Irgendwie mag er keine Tabellen mit Unterstrich im Name, alle anderen Tabellen funktionieren einwandfrei.
Habe schon google befragt, aber kam garnix bei rum.

Hat jemand ne Idee, wie man das lösen könnte?
Hab schon versucht, den Tabellennamen in Hochkommas etc. zu setzen, aber ohne Erfolg.

Die Datei umbenennen geht auch nicht, da (quasi wie bei Javaklassen) die beinhaltende Tabelle genauso heissen muss wie der Dateiname.

Bin über jede Idee dankbar.

mfg Verjigorm


----------



## Gelöschtes Mitglied 5909 (8. Sep 2008)

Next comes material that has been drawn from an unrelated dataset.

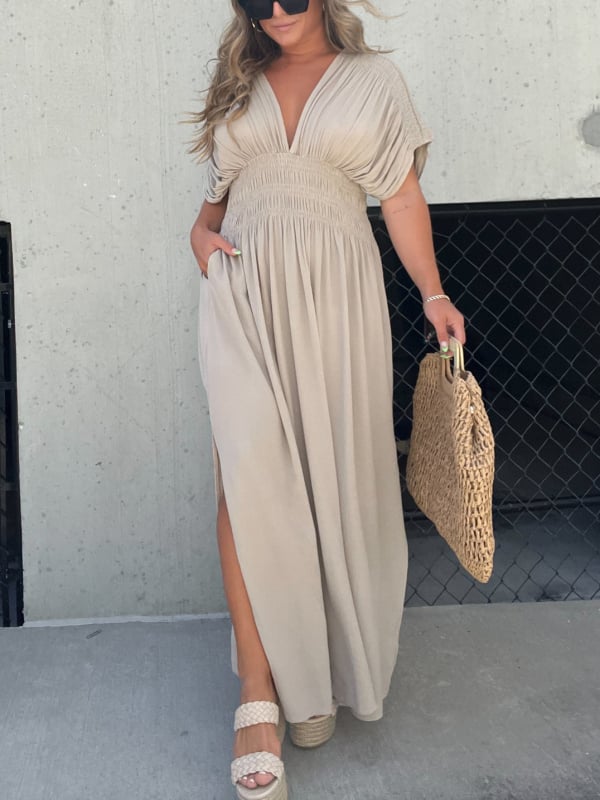 Variant image for Nienke | V-Neck Maxi Dress for Women-12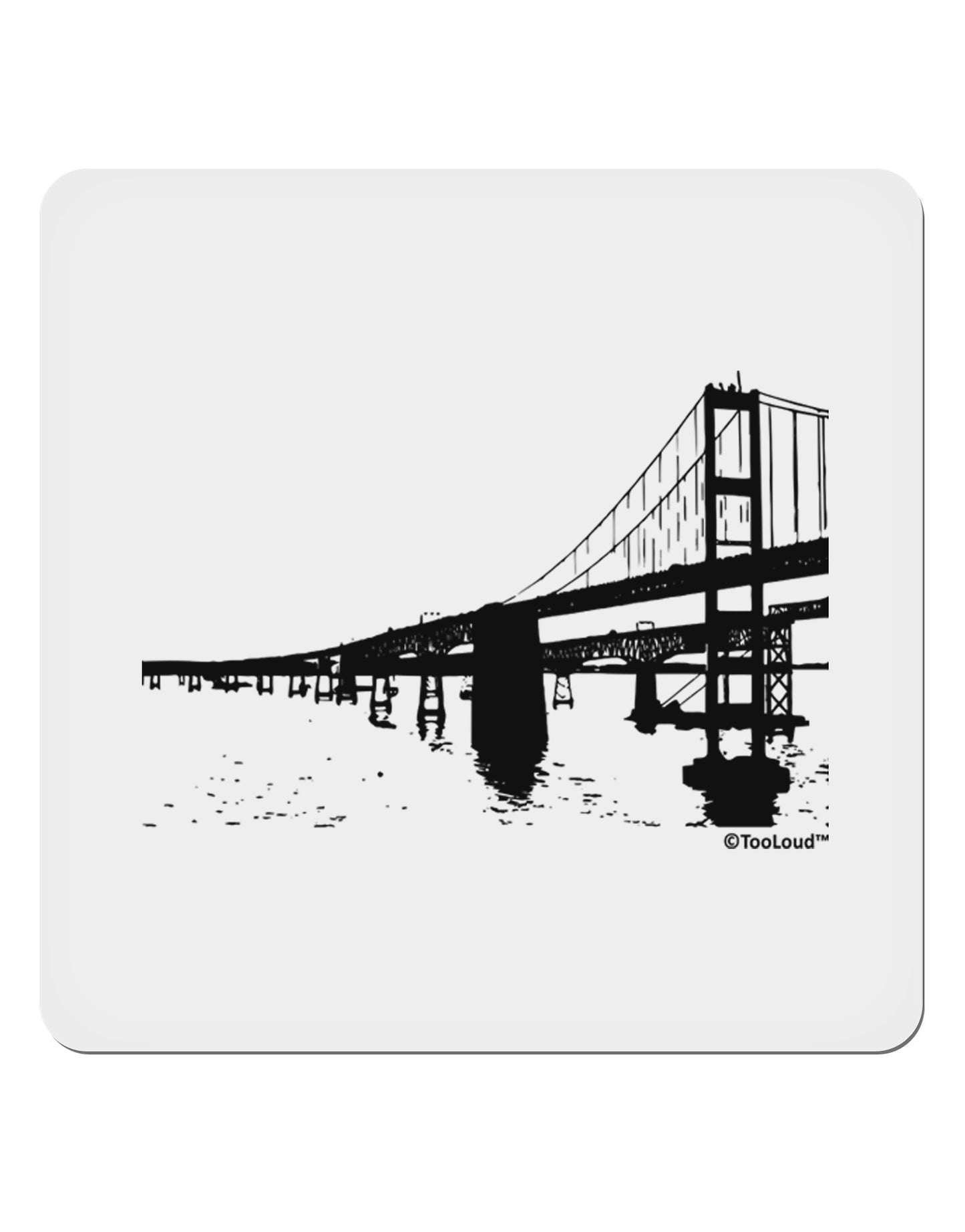 Bay Bridge Cutout Design 4x4" Square Sticker 4 Pieces-Stickers-TooLoud-White-Davson Sales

ich hab zwar ka von superbase, aber anscheinend findet er die Dateien nicht in der die DB persistiert

[Superbase ODBC Driver]Can't open this file


----------



## Verjigorm (9. Sep 2008)

Das ist mir auch klar, die Frage ist nur, wie man das Problem behebt


----------



## Gast (11. Sep 2008)

Aus welchem Jahr stammt diese Superbase-Datenbank?


----------



## Verjigorm (11. Sep 2008)

1994 aufwärts

Der Unterstrich ist in SQL ne Wildcard, deswegen macht er Probleme, er lässt sich aber weder mit Hochkommata, Backticks oder \ maskieren, jedenfalls nicht im ODBC-Treiber.

Eine Lösung ist, dass man alle Dateien, die mit der .sbf verbunden sind lokalisiert und alle umbennent, dann funktioniert es.
Ist halt nen toller Aufwand, immer mehrere MB-große Dateien umzukopieren


----------



## geraldf (11. Sep 2008)

Der Unterstrich ist in SQL nur innerhalb von Strings eine Wildcard.

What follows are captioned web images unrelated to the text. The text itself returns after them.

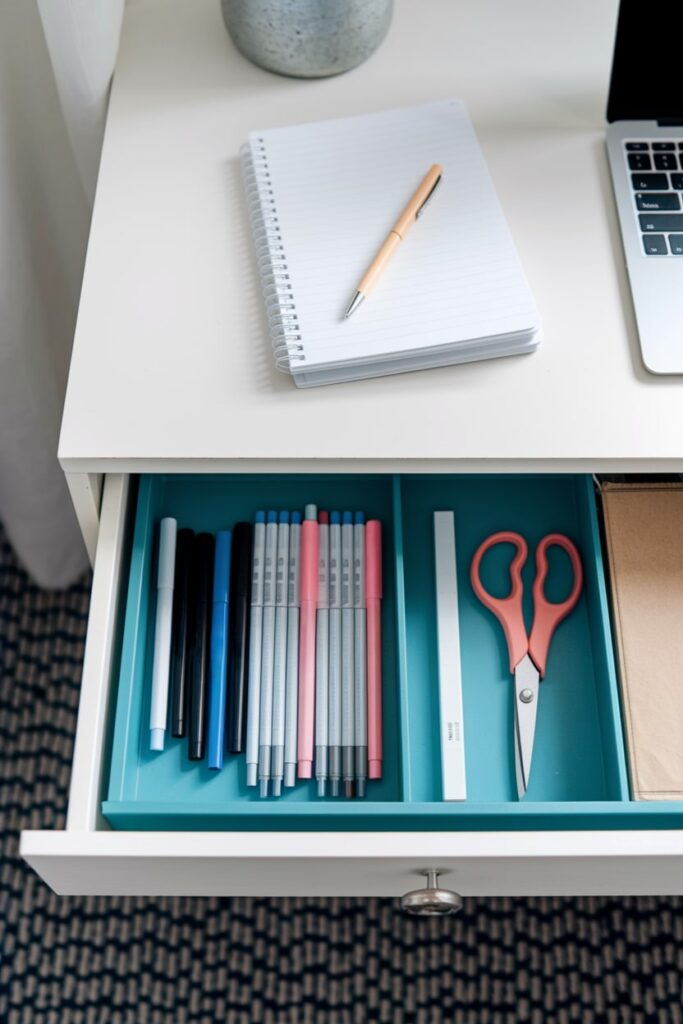 minimalist workspace with a set of pens and scissors in the drawer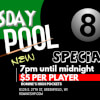Flyer for $5 Pool Wednesdays at Romine's High Pockets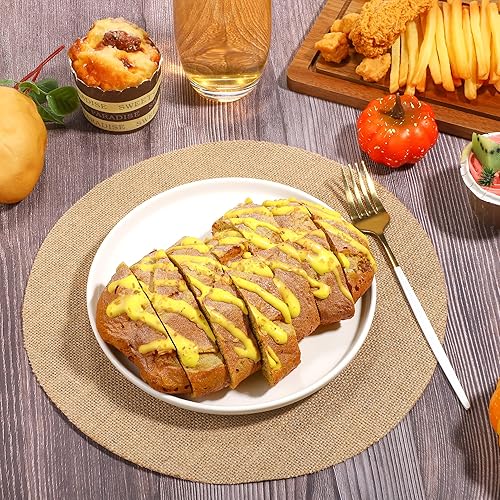 Miniatura 4 de 100 manteles individuales de arpillera de 11.8 pulgadas, redondos, reutilizables, color marrón, fibras de yute natural, manteles individuales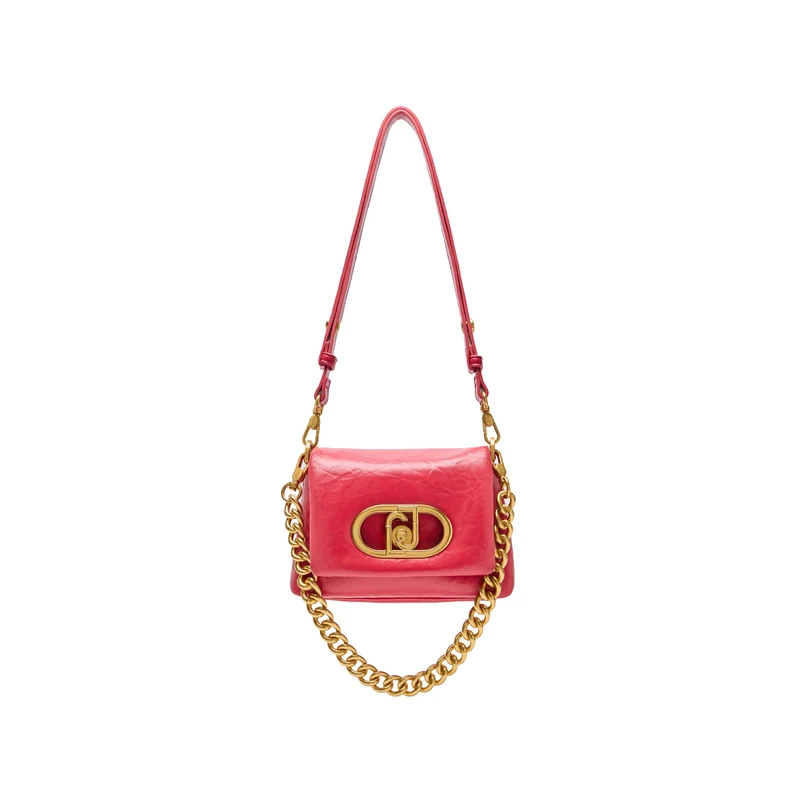Borsa a spalla piccola LaPuffy tinta unita rossa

Beim Umbenennen von Dateien wird nichts kopiert.

Beste Grüße
Gerald


----------



## geraldf (11. Sep 2008)

Nachtrag:

Vielleicht wäre es auch sinnvoll, über eine Migration nachzudenken.

Beste Grüße
Gerald


----------



## Verjigorm (11. Sep 2008)

geraldf hat gesagt.:
			
		

> Nachtrag:
> 
> Vielleicht wäre es auch sinnvoll, über eine Migration nachzudenken.
> 
> ...



Ach nein, was meinste, was ich am machen bin 
ich kann ja grad die zu migrierenden Daten aus der Superbase-Tabelle nicht auslesen wegen dem Problem, dass ich auf die Tabelle mit Unterstrich nicht zugreifen kann.


----------



## geraldf (11. Sep 2008)

Verjigorm hat gesagt.:
			
		

> Eine Lösung ist, dass man alle Dateien, die mit der .sbf verbunden sind lokalisiert und alle umbennent, dann funktioniert es.



Wo ist jetzt das Problem?

Beste Grüße
Gerald


----------